> [WORK ORDER]: When you restate the data, keep every word as it is and drop the images.

> [EXERCISE DATA]:

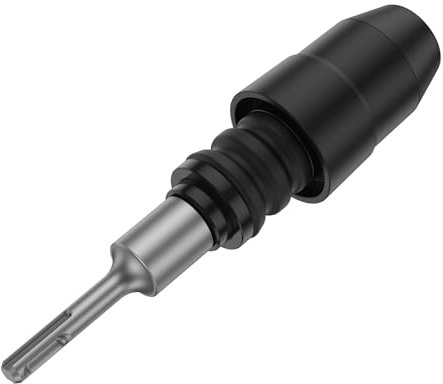 SDS Plus to SDS Max Adapter 21cm Rotary Hammer Drill Chuck Adapter Alloy Steel Drill Quick Change Converter SDS-Plus Shank for Building Construction Road Maintenance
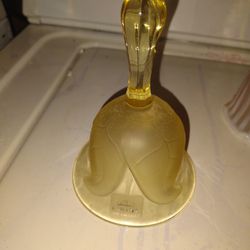 Minty Vintage Viking Glass Golden Topaz Bell With Viking Label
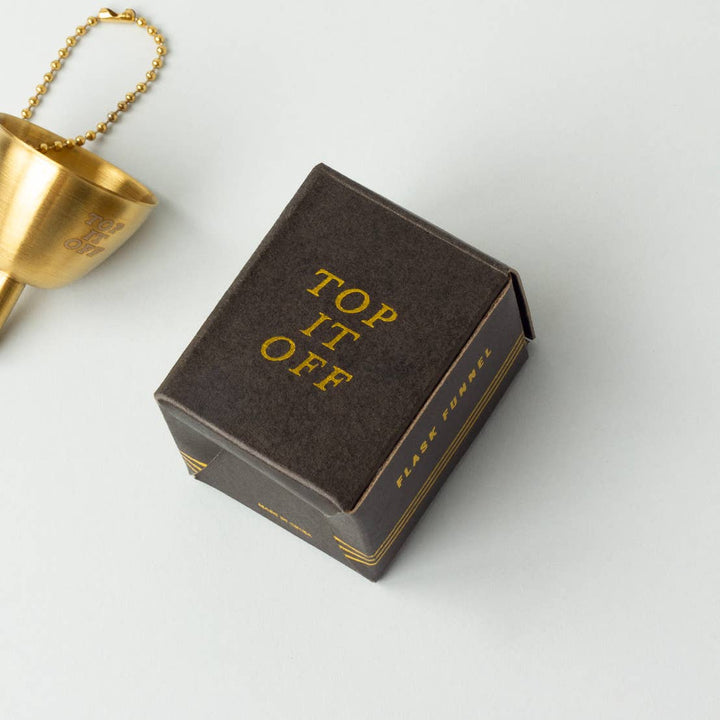 Gold Flask Funnel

> [WORKED SOLUTION]:
 SDS Plus to SDS Max Adapter 21cm Rotary Hammer Drill Chuck Adapter Alloy Steel Drill Quick Change Converter SDS-Plus Shank for Building Construction Road Maintenance
 Minty Vintage Viking Glass Golden Topaz Bell With Viking Label
 Gold Flask Funnel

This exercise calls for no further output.